Tuesday, July 1, 2014


Directed by Dean Parisot.
2013. Rated PG-13, 116 minutes.
Bruce Willis
Mary-Louise Parker
John Malkovich
Catherine Zeta-Jones
Byung-hun Lee
Helen Mirren
Anthony Hopkins
Neal McDonough
Brian Cox

After the events of the first RED, secret agent Frank (Willis) and his then damsel-in-distress Sarah (Parker) have settled down to a nice quiet life. While out shopping for power tools, they run into Marvin (Malkovich) who informs them that people are still after him and he needs Frank to join him in catching some bad guys. Thinking Marvin is crazy, Frank declines, despite Sarah's protestations. She's become bored with the quiet life. Marvin approaches them again in the store parking lot. Frank turns him down again. Next thing you know, Marvin's car blows up with him in it. This sets in motion a chain of events that leads our heroes around the world, picking up Victoria (Mirren) and Ivan (Cox) along the way. Eventually, things lead to a thingamajig that could blow up everything. Meanwhile, the number of people after them grows and contracts at various points.
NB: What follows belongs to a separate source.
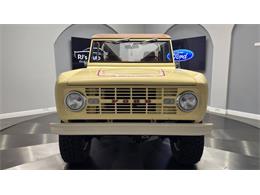 1967 Ford Bronco (CC-2084209) for sale in Clearwater, Florida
RED 2 does the same thing as its predecessor in terms of how it handles its characters. It takes a bunch of stars and lets them all kind of do their thing. They form a totally charming ensemble and appear to be having loads of fun. Regardless of what's going on, it's a blast watching them. Most enjoyable is John Malkovich. No, Marvin doesn't die in the explosion. Spoiler alert not needed. He plays the paranoid, slightly crazed, but ultimately wise agent to perfection. Bruce Willis seems to be stifling laughter much of the time which is always amusing. Helen Mirren once again kicks ass as the cold-blooded assassin whose really a romantic at heart, but gets less screen time this go round. Still, her exchanges with Brian Cox are very funny. This core group is joined by Anthony Hopkins, Catherine Zeta-Jones, Byung-hun Lee, and Neal McDonough all taking glorious turns chewing chunks of scenery. Zeta-Jones is particularly good in her role as "Frank Moses kryptonite."
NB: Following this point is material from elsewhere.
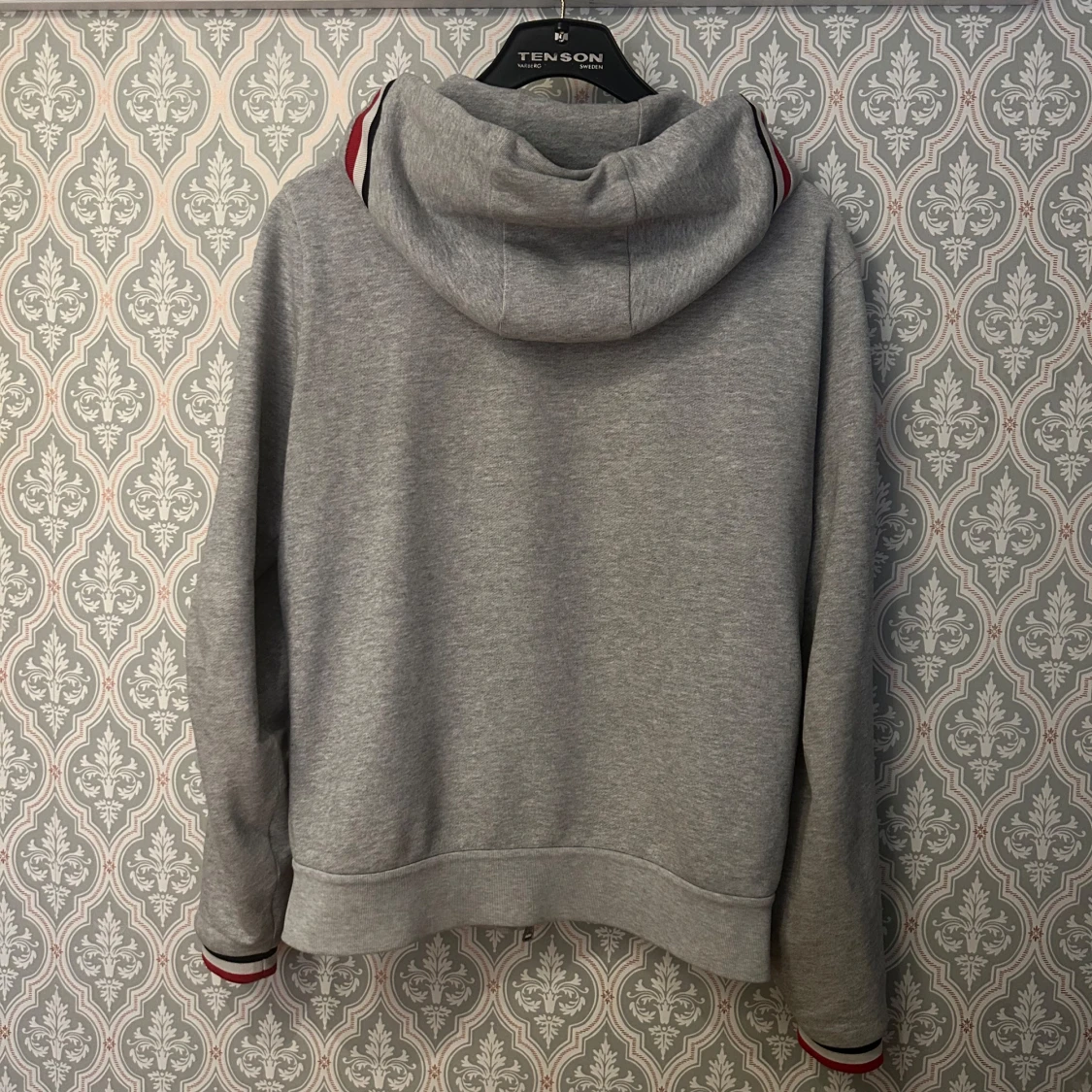 Moncler hoodie - 90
Unfortunately, the story our heroes and villains tell fails them. Individually, the various elements of the tale could all make their own fun little movie. Thrown together haphazardly, as they are, it's a convoluted mess. Our focus has to jump around the numerous strands, all of which are pulled together in the most contrived ways imaginable. It attempts to be a roller coaster of epic proportions. Instead of gliding through the loops and being pulled joyously from the heights by gravity, we're jerked about the tracks as the frame creaks and sent plunging toward the earth, uncertain the ride will hold up under our weight.
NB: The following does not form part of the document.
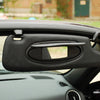 996 / 997 911, 986 / 987 Boxster, Cayman Porsche Visor Mirror Cover (1997-2012)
The difference between our feelings about the performers and their material is vast. As viewers, we're left in a weird spot. We enjoy watching them employ their craft. They make us laugh. So the movie functions fairly well as a comedy. However, we're rolling our eyes at the actual events taking place. There are too many of them and they don't quite work with each other. The chefs in this particular kitchen have thrown a bunch of ingredients together without any rhyme or reason and created a dish that has some great elements, but doesn't quite work.


  1. I completely agree with your review, it had so much potential with the characters but ruined it by overloading the story!

    Definitely not a re-watcher for me! - Jenna

  2. Definitely not a re-watcher is a great way to put it.